更に、キャリアは、図9に示すように、その表裏面にキャリア外周側から保持孔に至る溝33を有するものとすることができる。
キャリアがこのような溝を有することで、研磨時に研磨液が溝を通って半導体ウェーハへ供給されるため、ウェーハ外周部が研磨時に受ける抵抗が緩和され、さらに外周ダレを低減することができる。また、溝により研磨中に研磨布の目立ても行うことができるので、セラミックプレート等を用いた研磨布の目立ての頻度を低減することができる。
このような本発明の両面研磨装置用キャリア11を具備した両面研磨装置10であれば、金属汚染が低減され、また外周のダレが少ない高平坦度の半導体ウェーハを得ることができる。さらに、研磨中にキャリア表面で研磨布の目立ても行うことができるので、研磨布の目立ての頻度を低減して、装置の稼働率を著しく向上することができる。また、キャリアライフが長いため、コストを低減することができる。

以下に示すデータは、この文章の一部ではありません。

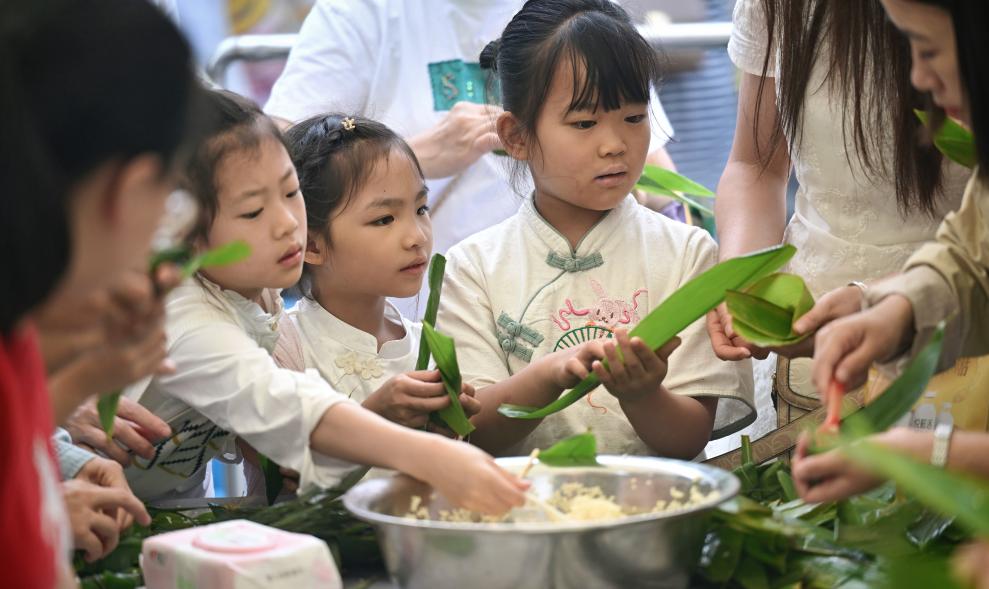 “粽”情童趣！端午节假期近12亿人次出游(图4)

そして、図1,7のように上記本発明の両面研磨装置用キャリア11を、両面研磨装置10の研磨布12が貼付された上下定盤13a、13bの間に配設し、保持孔16で半導体ウェーハWを保持して上下定盤13a、13bの間に挟み込み、研磨スラリー15を供給しつつ半導体ウェーハWを両面研磨することができる。
このような方法を用いて両面研磨を行えば、金属汚染が抑制され、また外周のダレが少ない高平坦度のウェーハを安定して効率的に得ることができる。さらに、研磨中にキャリア表面で研磨布の目立ても行うことができるので、研磨布の目立ての頻度を低減して、効率的に研磨を行うことができる。しかも、キャリアの表面にはDLC膜がコーティングされているため、表面粗さは長時間使用してもほとんど変化しないので、キャリアを従来に比べて交換する頻度を少なくでき、ランニングコストの低減も図ることができる。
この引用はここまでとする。